Abstract

Thin surfaced asphalts are designed in a similar manner to spray sealed asphalts considering only rutting as the major mode of failure while there is no consideration for fatigue in the current mechanistic empirical pavement design method adopted by Austroads. However, sprayed seal surfacing are less sensitive to vertical deflection compared to thin surfaced asphalts. Thin surfaced asphalts are commonly prematurely failed by fatigue before any major rutting failure. In this research, the Austroads tolerable deflection criteria was investigated utilizing deflection and cumulative traffic data from 30 thin asphalt pavement sections from Queensland. The data showed that the current Austroads tolerable deflection criterion is largely overestimating the design life of these pavement sections. A new calibrated tolerable deflection criterion was developed.
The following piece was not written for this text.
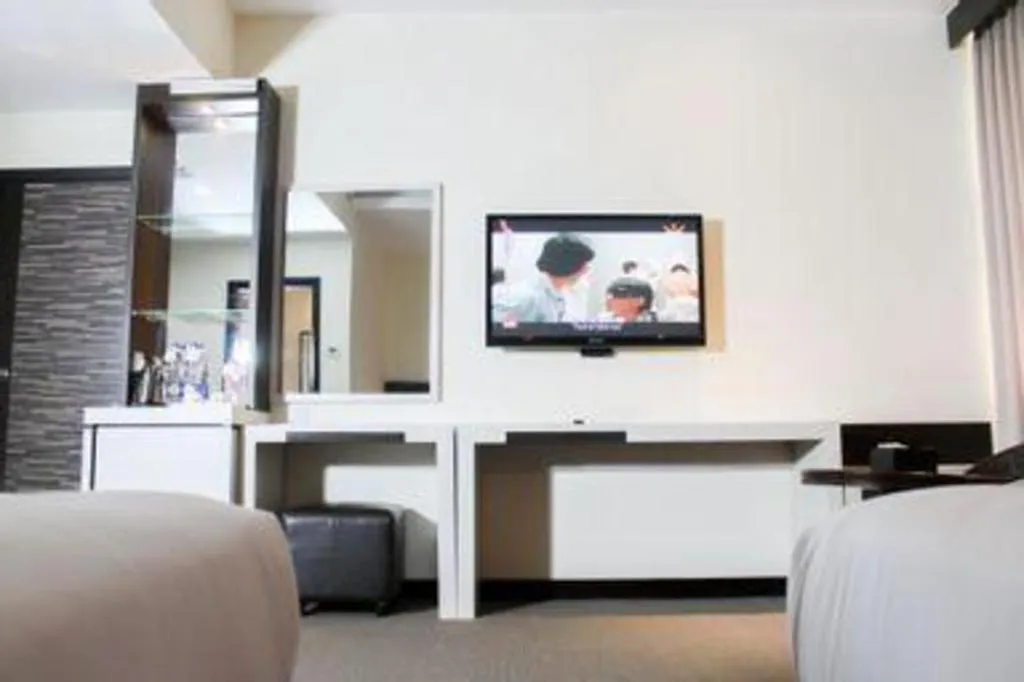 Bed in The BCC Hotel & Residence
The calibrated tolerable deflection criterion was used with synthetic deflection data and pavement responses generated by multilayer elastic analysis using Circly software for 200 pavement sections to develop a new subgrade criterion. The new subgrade criterion is designed to limit the maximum pavement deflection to be within the calibrated tolerable deflection. By limiting the maximum deflection of the thin asphalt pavements to the new calibrated tolerable deflection, it is expected that surface curvature will be reduced and therefore the fatigue life of these pavements will be significantly improved and it will limit the premature failures of these surfaces. The new criterion produces a stiffer pavement structure compared to the current method. The high stiffness can be achieved by using thicker base course or stabilized bases and subbases structures.